■ **Aim of the task**: Return the lines of the data below starting at the one holding "Salinas, CA 93908" and ending at the one holding "216 Lake Street # 304, Burlington, VT 05401", word for word, leaving every picture out.

■ **Supplied material**:
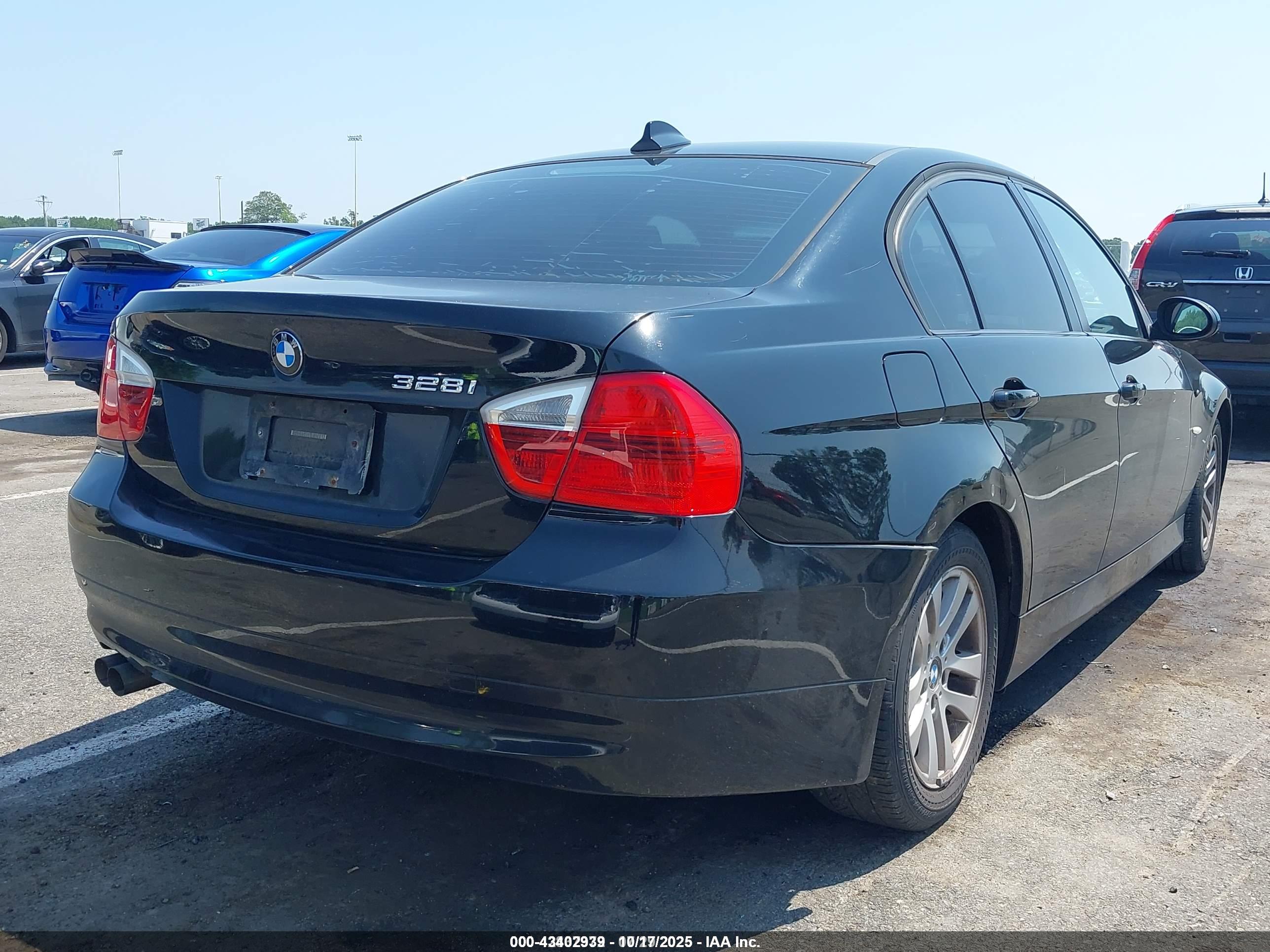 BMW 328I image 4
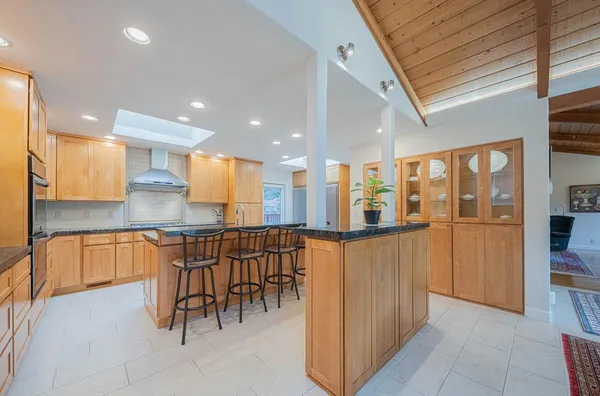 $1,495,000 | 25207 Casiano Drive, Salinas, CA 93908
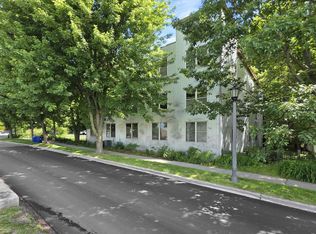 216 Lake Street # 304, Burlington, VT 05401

* * *

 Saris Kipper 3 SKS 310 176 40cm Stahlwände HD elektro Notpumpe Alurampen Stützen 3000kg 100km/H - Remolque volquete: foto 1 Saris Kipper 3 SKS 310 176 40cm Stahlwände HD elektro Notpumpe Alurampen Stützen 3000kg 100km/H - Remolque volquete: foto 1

■ **Output**:
 $1,495,000 | 25207 Casiano Drive, Salinas, CA 93908
 216 Lake Street # 304, Burlington, VT 05401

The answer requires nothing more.